N.Y. Comp. Codes R. & Regs. tit. 9 § 54.4

Current through Register Vol. 46, No. 45, November 2, 2024
Section 54.4 - Conduct of hearings
(a) Hearings shall be conducted by a member of the authority or any employee of the authority duly designated by the authority to hold hearings, who shall be known as the administrative law judge. The administrative law judge shall rule upon matters of procedure and introduction of evidence, and shall conduct the hearing in such manner as, in his discretion, will best serve the attainment of justice. Wherever the term hearing officer appears in the rules of the authority in connection with disciplinary proceedings, it shall be deemed to mean and to refer to the administrative law judge.
(b)
(1) The order of proof in hearings before the authority shall be as follows:
(i) testimony by the witness or witnesses in support of the charges preferred against the licensee;
(ii) cross-examination of such witnesses;
(iii) testimony by the licensee or his witnesses in defense and explanation; and
(iv) cross-examination of the licensee and witnesses.

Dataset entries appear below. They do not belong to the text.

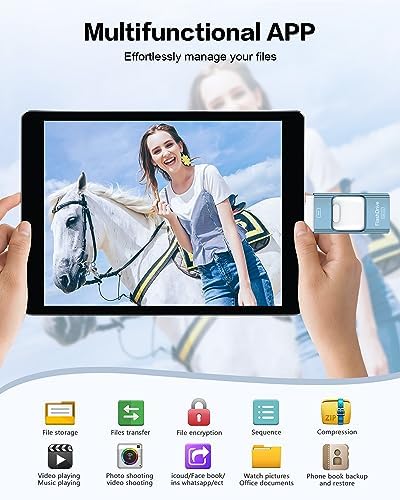 256 GB i Phone Photo Stick – High-Speed USB Flash Drive for Effortless Data Transfer & External Storage for i Phone/i Pad/PC (Sleek Blue Design) – Expand Your Memory with Style and Reliability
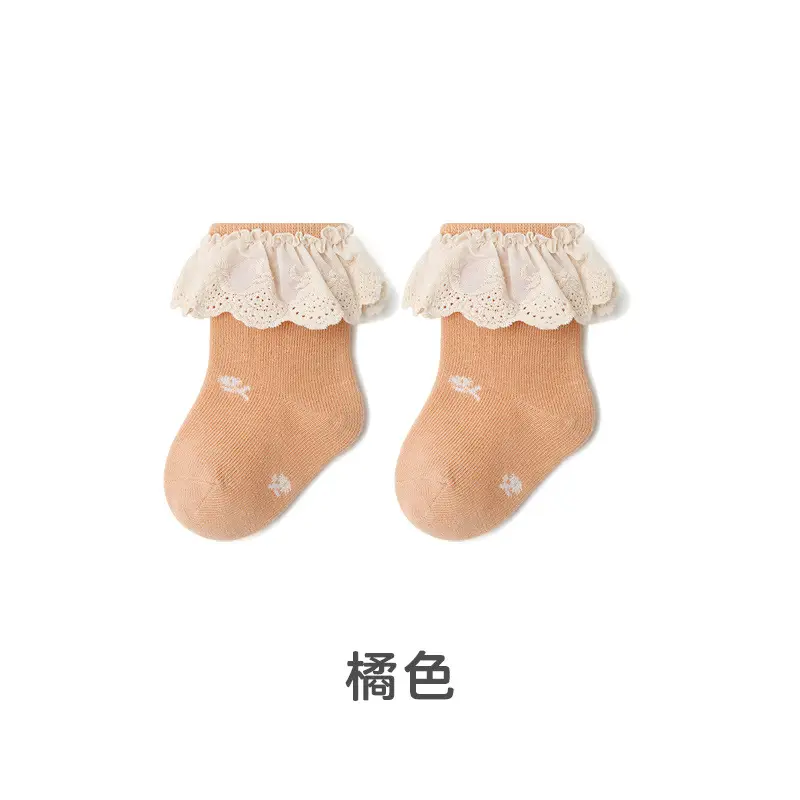Baby Socks Jacquard Cotton Lace Girls 0-3Yr - Image 4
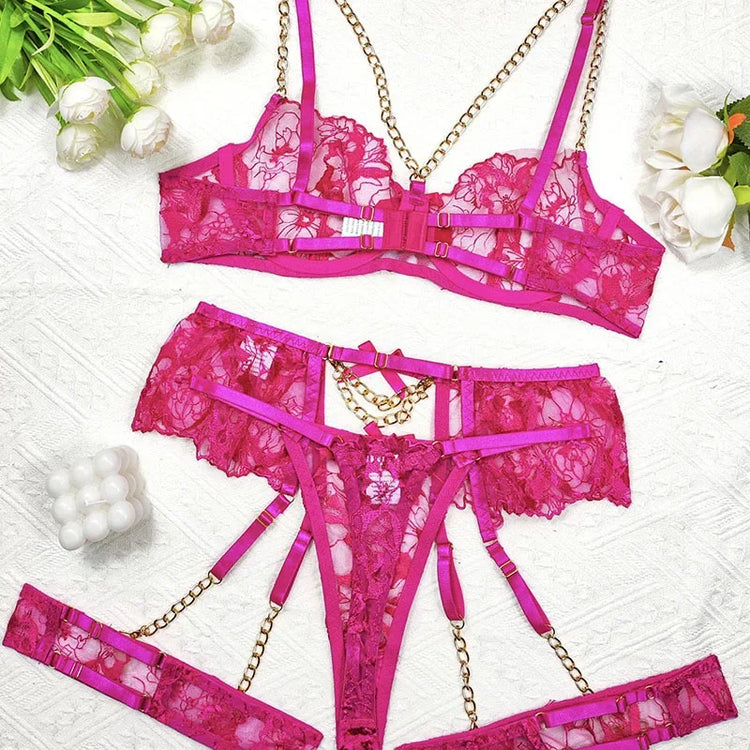 Sexy Clothes Women Lingerie Hot Fashion Chain Embroidery Sexy Perspective Hollow 3-point Lingerie Hot Lingerie Women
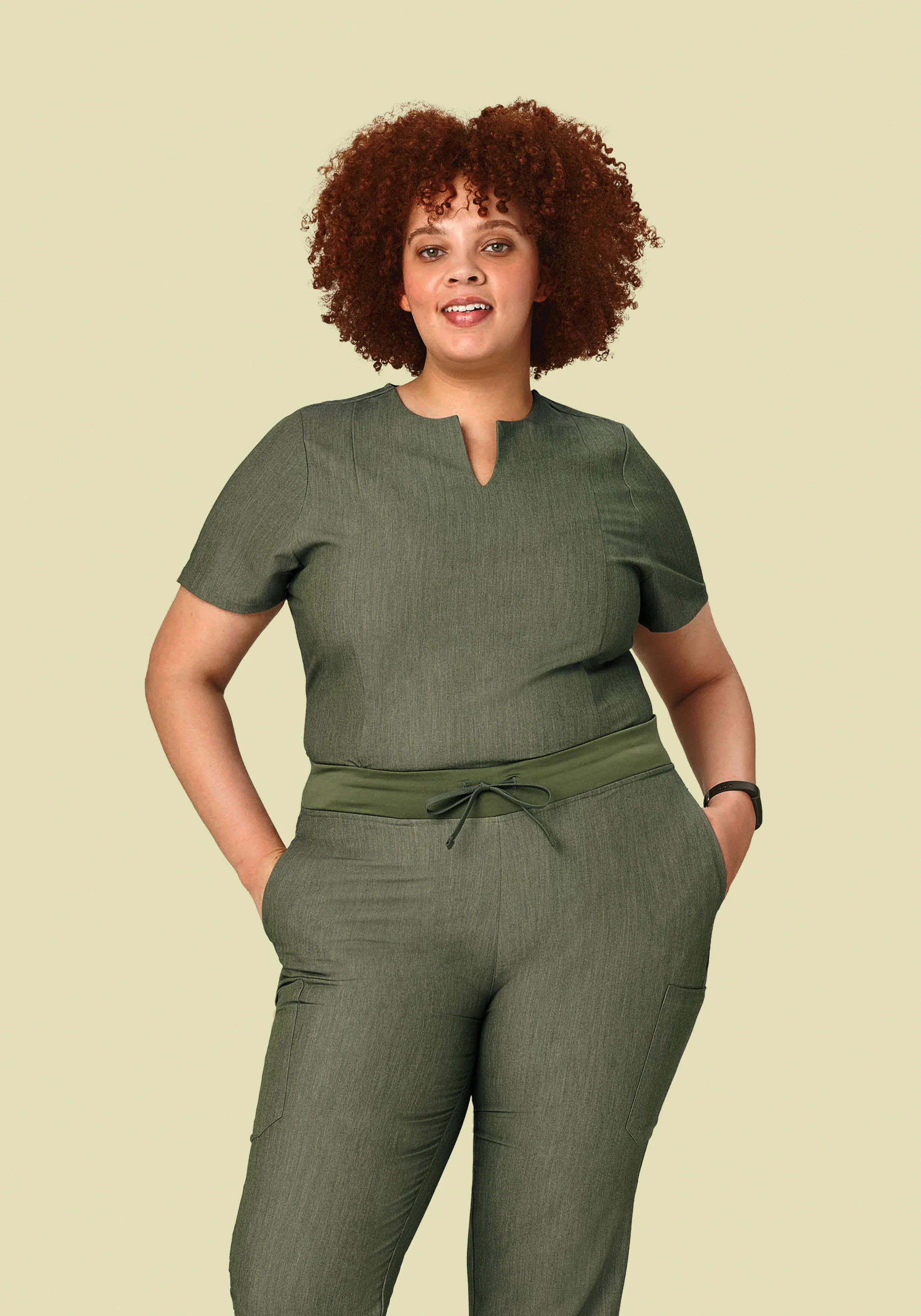 5 Pocket Notch Neck Top Heather Olive - Image 6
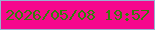 文字の大きさ：4、枠の色：99b1d0、背景の色：f6088d、文字の色：347e0c 無料ブログパーツのブログ時計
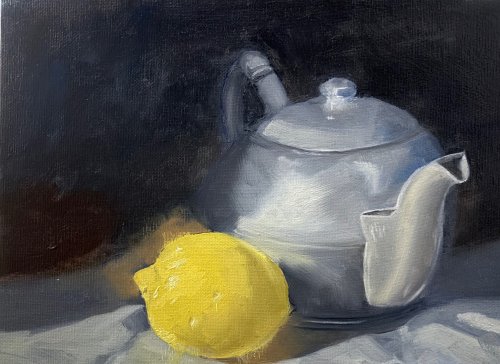 Lemon Tea, Liz Grant, canvas panel 10x12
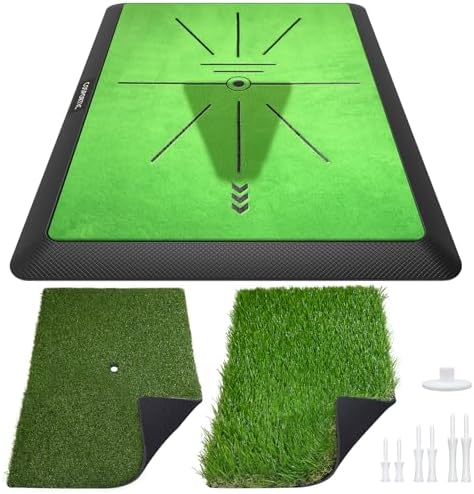 Golf Hitting Mat | Golf Training Mat for Swing Path Feedback/Detection Batting | Extra Replaceable Golf Practice Mat 16"x12" | Golf Gifts for Men/Women for Home Indoor Outdoor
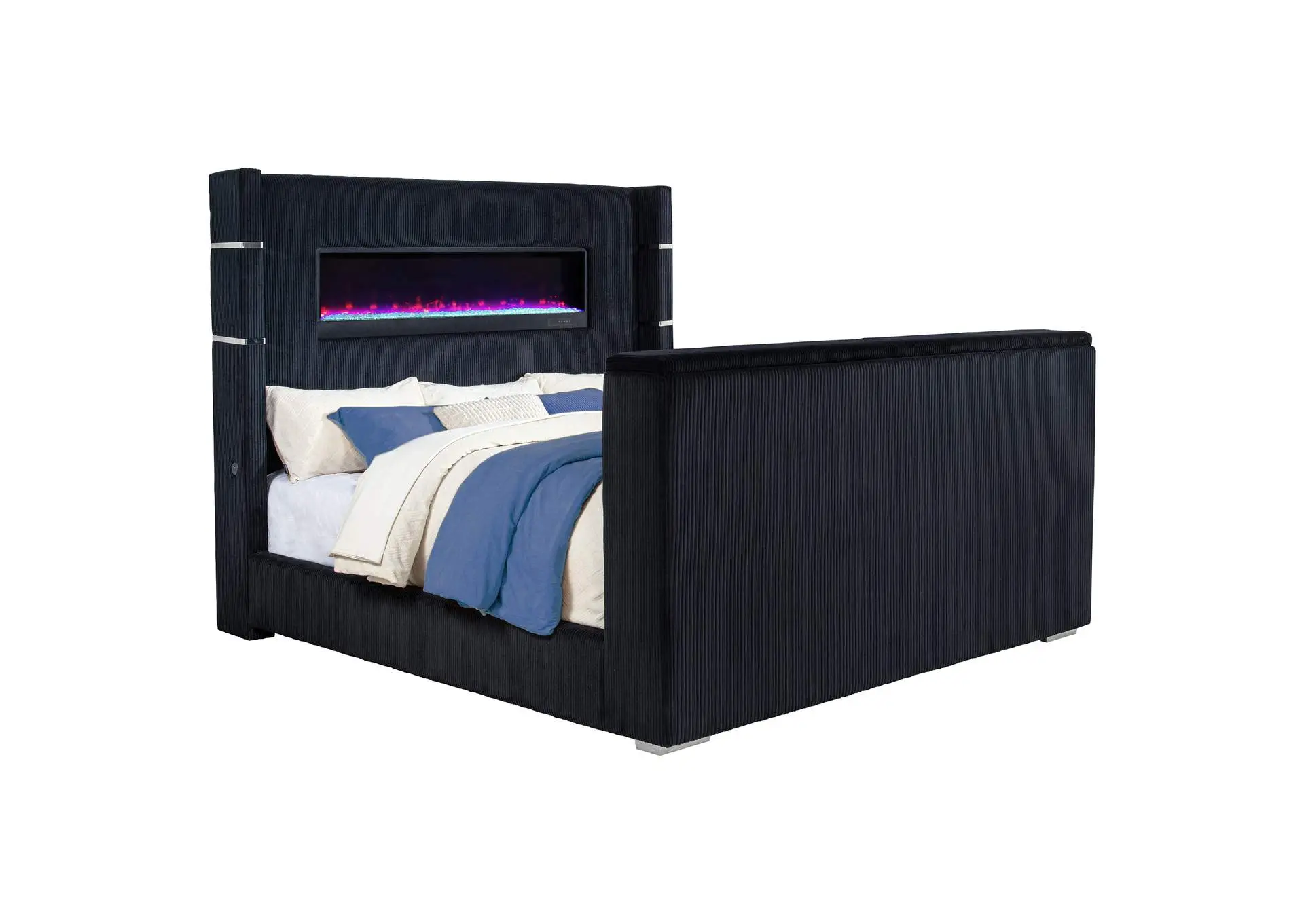 Tisdall Eastern King Flame Visualizer Wingback TV Bed Black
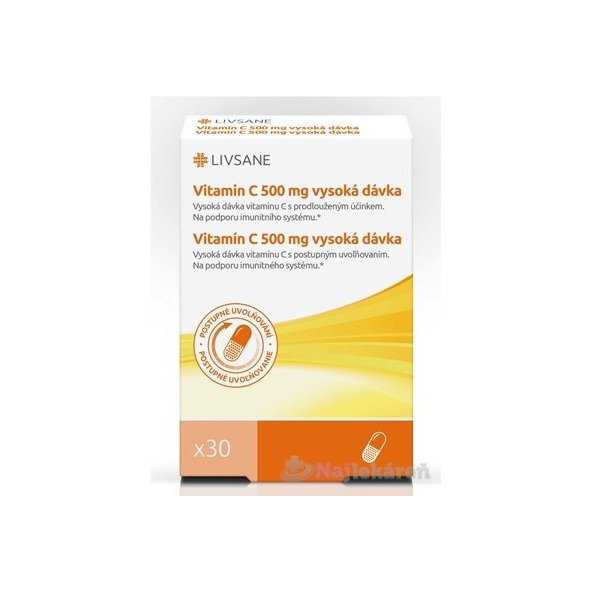LIVSANE Vitamín C 500 mg s postupným uvoľňovaním 30 cps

The hearing officer may, in his discretion, change the order of proof where the circumstances so warrant.

(2) Objections may be taken to the rulings of the hearing officer with the reasons for such objections, but will not be deemed to have been made unless duly noted in the record.
(3) Motions to dismiss may be made at the option of the licensee or his attorney, but are not required and will not be deemed to be necessary to protect any right of the licensee.
(4) The hearing officer shall have no power to grant any motion to dismiss any of the charges or to the effect that the authority has failed to establish a prima facie case.
(c)
(1) The rules of evidence governing proceedings in the courts of this State shall not be rigidly enforced in hearings before the authority. Unless objection is made and duly noted in the record, all evidence appearing in the record shall be deemed to have been validly introduced for the consideration of the authority.
(2) The introduction of cumulative evidence shall be avoided and the hearing officer may curtail the testimony of any witness which he judges to be merely cumulative; however, the party offering such testimony may make a short avowal of the testimony which would be given and if the witness asserts that such avowal is true, this avowal shall be made part of the record.
(3) Upon the due application to the authority prior to its determination, the authority may, in its discretion, reopen the hearing for the presentation of new or additional evidence. Such application must set forth concisely the nature of this additional evidence. The authority may, on its own motion, reopen a hearing for the presentation of additional evidence.
(d) The hearing officer or the attorney for the authority may amend the notice of pleading at any time before the close of the hearing or prior to a determination by the authority. If the licensee requests an adjournment based upon such amendment, the hearing officer may, in his discretion, grant such adjournment in the interest of justice when a party to such proceeding was surprised by such amendment without fault on his part.
(e) Parties may, by agreement, stipulate as to any facts involved in the proceedings, provided that such stipulation is duly noted in the record.
(f) Oral argument may be made only before the hearing officer. Such oral argument may be curtailed or limited by the hearing officer in his discretion and is to be included in the record.
(g) After the conclusion of the hearing, the hearing officer shall make, in writing, his findings as to whether the evidence sustained the charges, or any of them, preferred against the licensee, shall designate which charges he has found sustained by the evidence, and shall, at his option, recommend to the authority the action to be taken against the licensee. A copy of such report shall be served on the licensee or his attorney by first class mail prior to submission of such report to the authority, provided a request therefor is made on the record at the hearing. The report, when served, shall be accompanied by a statement in writing advising that the recipient may controvert any of the findings contained therein within the time limited in such statement. The record shall be referred, together with the hearing officer's report and any statement controverting the findings contained therein, for due consideration and appraisal by the authority at a meeting duly held by it.
(h) Subject to the supervision and control of the authority, in all cases where the licensee has pleaded "no contest" to the charge or charges, the hearing officer shall summarize the facts of the case and shall recommend the penalty to be imposed by the authority.
(i) In the event of a hearing officer's death, resignation, removal, termination of employment, disability, or his inability or failure to make his written report and findings within 30 days after the completion of the hearing, the chairman of the authority may direct that all of the evidence taken at the hearing shall be submitted to the members of the authority at a regular meeting. After consideration thereof, the members of the authority shall make proposed written findings and mail a copy thereof to the licensee or his attorney and afford him an opportunity to controvert, in writing, any of the proposed findings contained therein. Thereafter, after due consideration of all of the foregoing, including any statement in controversion submitted by the licensee, the authority shall make final written findings and assess such penalty as may be deemed appropriate.